In: Computer Science
Why facial recognition is an emerging technology? How it is growing and why it becoming important?
Facial recognition becomes an ever-larger part of the biometrics market and digital transformation efforts across the globe. Various segments of the – quite diverse – facial recognition market are poised to grow faster than previously expected.
3D facial recognition software overcomes the drawbacks of 2D facial recognition and can work in low light or completely dark areas
As investments in face recognition technologies increase and technologies mature, we see facial recognition usage increasing in some use cases, including new ones. The COVID pandemic has proven to be an essential driver here.

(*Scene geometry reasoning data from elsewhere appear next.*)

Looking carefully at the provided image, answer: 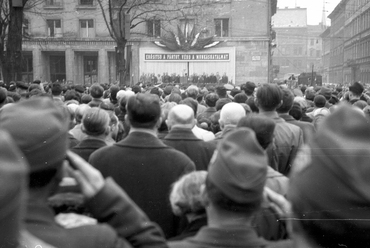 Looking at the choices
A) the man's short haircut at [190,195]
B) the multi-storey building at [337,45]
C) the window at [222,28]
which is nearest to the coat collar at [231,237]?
the man's short haircut at [190,195]

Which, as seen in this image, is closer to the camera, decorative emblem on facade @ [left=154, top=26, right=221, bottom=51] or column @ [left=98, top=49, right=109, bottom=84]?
decorative emblem on facade @ [left=154, top=26, right=221, bottom=51]

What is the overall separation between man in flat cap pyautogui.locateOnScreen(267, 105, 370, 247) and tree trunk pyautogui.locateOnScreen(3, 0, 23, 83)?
1572cm

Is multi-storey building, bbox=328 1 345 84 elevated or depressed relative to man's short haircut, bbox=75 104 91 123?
elevated

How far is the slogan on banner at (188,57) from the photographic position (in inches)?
1563

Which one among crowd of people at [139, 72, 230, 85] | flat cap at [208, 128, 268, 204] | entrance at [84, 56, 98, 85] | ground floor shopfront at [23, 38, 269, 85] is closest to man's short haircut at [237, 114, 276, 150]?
flat cap at [208, 128, 268, 204]

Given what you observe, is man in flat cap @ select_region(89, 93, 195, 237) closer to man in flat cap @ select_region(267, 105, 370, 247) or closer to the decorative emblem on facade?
man in flat cap @ select_region(267, 105, 370, 247)

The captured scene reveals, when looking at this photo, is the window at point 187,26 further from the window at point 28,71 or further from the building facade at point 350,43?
the building facade at point 350,43

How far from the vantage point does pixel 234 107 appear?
5.10 m

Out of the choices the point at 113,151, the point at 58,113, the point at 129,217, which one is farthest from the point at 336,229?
the point at 113,151

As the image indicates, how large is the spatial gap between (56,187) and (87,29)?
4063 cm

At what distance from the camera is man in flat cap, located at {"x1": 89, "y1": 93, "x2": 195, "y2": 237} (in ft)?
12.3

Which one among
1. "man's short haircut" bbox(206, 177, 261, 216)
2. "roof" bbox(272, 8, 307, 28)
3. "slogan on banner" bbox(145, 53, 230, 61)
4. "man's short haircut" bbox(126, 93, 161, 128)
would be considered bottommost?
"man's short haircut" bbox(206, 177, 261, 216)

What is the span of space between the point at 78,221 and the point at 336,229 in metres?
0.95

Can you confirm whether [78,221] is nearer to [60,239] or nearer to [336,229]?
[60,239] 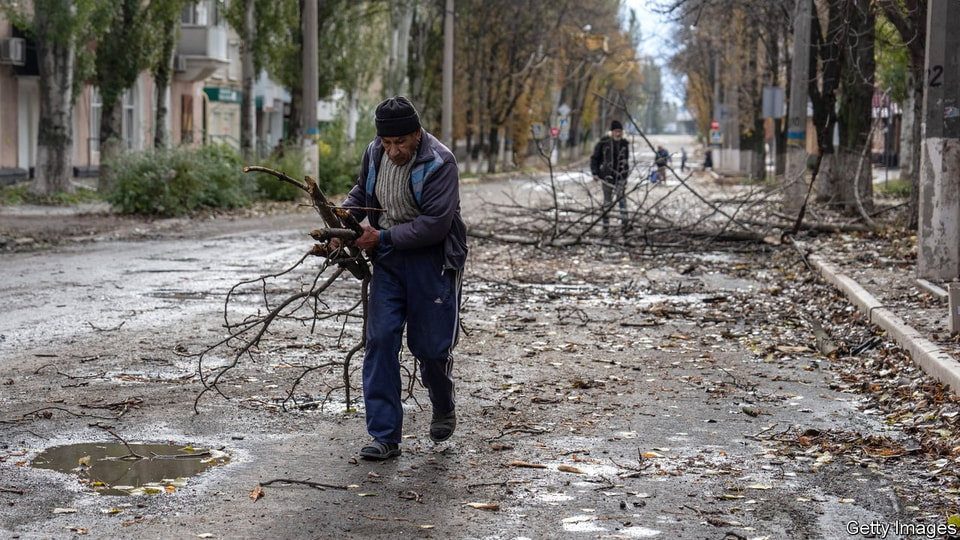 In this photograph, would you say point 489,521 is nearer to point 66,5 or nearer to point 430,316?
point 430,316

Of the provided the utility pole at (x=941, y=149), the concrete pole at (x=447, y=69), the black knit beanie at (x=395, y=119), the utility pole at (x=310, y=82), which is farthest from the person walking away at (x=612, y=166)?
the concrete pole at (x=447, y=69)

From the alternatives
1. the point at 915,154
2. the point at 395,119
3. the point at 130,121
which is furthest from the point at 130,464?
the point at 130,121

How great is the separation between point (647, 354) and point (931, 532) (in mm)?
4808

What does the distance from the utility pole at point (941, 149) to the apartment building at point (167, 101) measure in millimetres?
16829

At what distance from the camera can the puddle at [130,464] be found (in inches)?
227

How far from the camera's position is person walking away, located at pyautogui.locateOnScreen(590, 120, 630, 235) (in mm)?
19219

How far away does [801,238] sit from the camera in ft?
64.7

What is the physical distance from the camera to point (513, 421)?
24.3 ft

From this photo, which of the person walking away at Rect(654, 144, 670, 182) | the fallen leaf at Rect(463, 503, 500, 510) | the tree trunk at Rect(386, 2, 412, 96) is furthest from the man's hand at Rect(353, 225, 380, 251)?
the tree trunk at Rect(386, 2, 412, 96)

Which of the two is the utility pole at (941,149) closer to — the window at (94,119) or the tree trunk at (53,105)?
the tree trunk at (53,105)

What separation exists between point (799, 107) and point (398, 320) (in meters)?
19.9

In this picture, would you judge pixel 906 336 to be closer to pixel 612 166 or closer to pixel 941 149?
pixel 941 149

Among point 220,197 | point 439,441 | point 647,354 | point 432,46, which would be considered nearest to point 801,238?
point 647,354

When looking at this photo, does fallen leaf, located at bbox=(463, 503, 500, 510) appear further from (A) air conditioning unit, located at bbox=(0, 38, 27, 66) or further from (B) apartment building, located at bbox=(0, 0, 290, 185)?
(A) air conditioning unit, located at bbox=(0, 38, 27, 66) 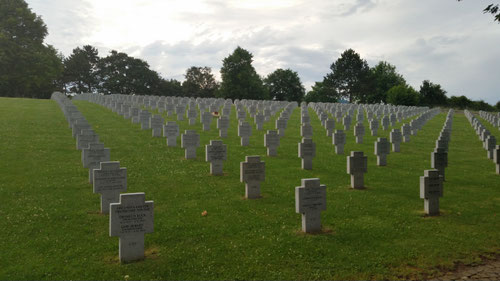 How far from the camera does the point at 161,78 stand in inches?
3255

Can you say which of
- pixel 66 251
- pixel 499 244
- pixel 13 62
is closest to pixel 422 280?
pixel 499 244

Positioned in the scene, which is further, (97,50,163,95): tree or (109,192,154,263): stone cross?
(97,50,163,95): tree

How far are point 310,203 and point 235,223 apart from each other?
1.46 metres

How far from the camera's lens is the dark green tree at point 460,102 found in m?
63.8

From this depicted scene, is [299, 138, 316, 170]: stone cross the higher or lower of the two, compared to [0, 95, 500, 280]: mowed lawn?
higher

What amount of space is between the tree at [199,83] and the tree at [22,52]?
2687cm

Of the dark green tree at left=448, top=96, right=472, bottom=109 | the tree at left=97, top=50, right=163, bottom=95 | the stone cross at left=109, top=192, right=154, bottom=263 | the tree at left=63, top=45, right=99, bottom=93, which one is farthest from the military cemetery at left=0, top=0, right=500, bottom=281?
the tree at left=63, top=45, right=99, bottom=93

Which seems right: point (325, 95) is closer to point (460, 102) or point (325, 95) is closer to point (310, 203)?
point (460, 102)

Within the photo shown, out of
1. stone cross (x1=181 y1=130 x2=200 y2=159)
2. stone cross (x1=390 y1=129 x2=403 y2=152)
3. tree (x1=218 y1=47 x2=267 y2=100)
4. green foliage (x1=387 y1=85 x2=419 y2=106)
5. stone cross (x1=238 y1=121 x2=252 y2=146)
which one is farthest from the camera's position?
tree (x1=218 y1=47 x2=267 y2=100)

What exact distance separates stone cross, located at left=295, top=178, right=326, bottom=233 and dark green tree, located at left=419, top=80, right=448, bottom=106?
64621mm

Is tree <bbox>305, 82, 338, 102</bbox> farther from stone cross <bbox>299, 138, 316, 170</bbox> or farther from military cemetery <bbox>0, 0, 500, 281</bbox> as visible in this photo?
stone cross <bbox>299, 138, 316, 170</bbox>

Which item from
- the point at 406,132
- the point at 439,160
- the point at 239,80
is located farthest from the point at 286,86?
the point at 439,160

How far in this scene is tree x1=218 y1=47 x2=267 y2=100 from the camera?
7244cm

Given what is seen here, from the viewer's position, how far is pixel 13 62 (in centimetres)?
5606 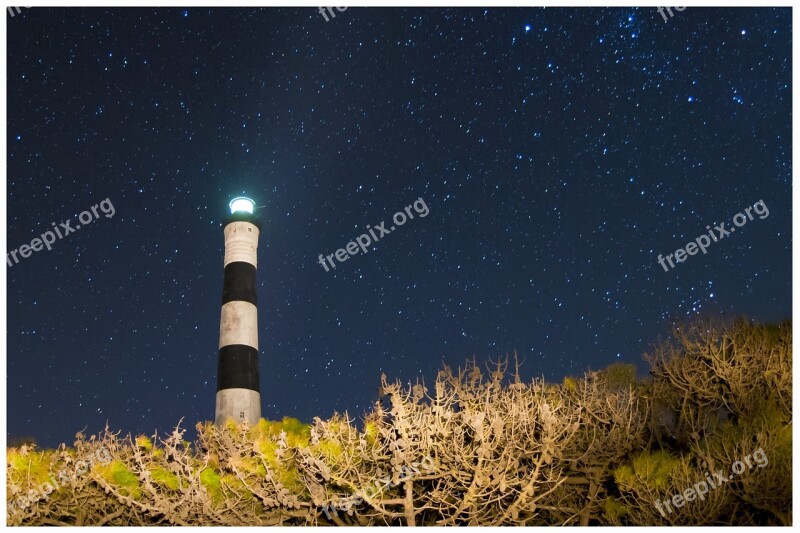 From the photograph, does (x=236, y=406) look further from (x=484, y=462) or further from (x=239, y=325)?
(x=484, y=462)

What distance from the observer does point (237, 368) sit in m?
22.8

The COVID-19 pandemic also leads to facial recognition systems, combined with other biometric techniques. As it’s expected digitization and digitalization will accelerate in several areas because of the pandemic, some inevitably will see increasing usage of face recognition technologies.
For the technology industry, the growing facial recognition market overall is a financial blessing, pure and simple. The focus is often on the artificial intelligence, machine learning (mainly deep learning), and machine vision technologies that enable the matching of images from cameras with images in databases and complex facial recognition systems, which are enhanced by far more technologies.
There is the hardware, the infrastructure to capture and interpret the data with facial recognition analysis tied to edge computing, the connectivity aspect, the software, the services, the list goes on.
Facial recognition in times multiple technologies and areas of application converge
Facial recognition is indeed an area of biometrics where several technologies meet. The next generation of mobile networks, 5G, and edge technologies, are a few more that will make it more widespread than it already is.
In fact, the deployment of high-density networks of AI-supported security cameras to monitor anything is most probably the first significant area where 5G cellular Internet of Things (where 5G and IoT meet) can have a considerable impact: homeland security. Or, more specifically: the usage of high-density networks of AI-supported security cameras. This isn’t just the case in homeland security but also in securing critical facilities or even smart cities and other communities.
In an interview on building systems integration in which facial recognition in facilities, from smart offices to airports and data centers, was mentioned several times, we looked at how face recognition, IoT, 5G, and edge change the landscape. Building management systems expert, Martin Feder said that building systems are going to move more into an AV communication world where camera technology is linked to face recognition. He also expects CCTV and recognition to play a role in the security of edge or micro data centers that pop up underneath 5G towers. In other words: ever more use cases and growth ahead.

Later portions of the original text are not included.